• [Data items]
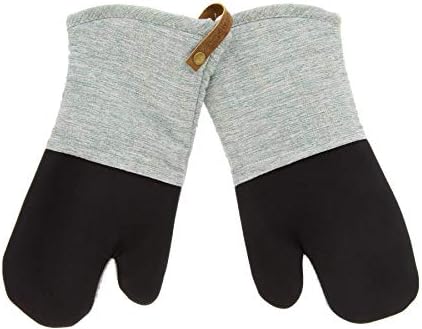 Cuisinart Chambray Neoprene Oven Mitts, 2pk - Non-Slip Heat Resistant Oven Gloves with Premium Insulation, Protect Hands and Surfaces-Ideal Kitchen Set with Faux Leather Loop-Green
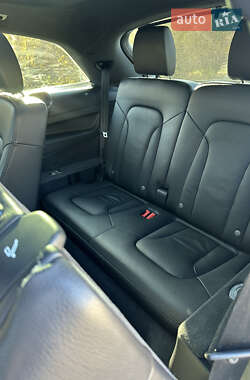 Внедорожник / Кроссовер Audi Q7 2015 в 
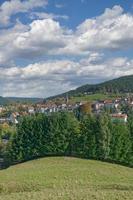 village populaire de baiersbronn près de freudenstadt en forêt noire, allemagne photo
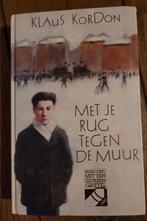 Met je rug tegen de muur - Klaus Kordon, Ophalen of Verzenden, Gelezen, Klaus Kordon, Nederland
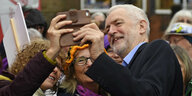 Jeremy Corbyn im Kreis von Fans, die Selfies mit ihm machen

• [The task] Set down word for word every line from the one containing "Внедорожник / Кроссовер Audi Q7 2015 в" through the last line of the records above, both ends included. Leave out the pictures.

• [Answer below]
 Внедорожник / Кроссовер Audi Q7 2015 в 
 village populaire de baiersbronn près de freudenstadt en forêt noire, allemagne photo
 Met je rug tegen de muur - Klaus Kordon, Ophalen of Verzenden, Gelezen, Klaus Kordon, Nederland
 Jeremy Corbyn im Kreis von Fans, die Selfies mit ihm machen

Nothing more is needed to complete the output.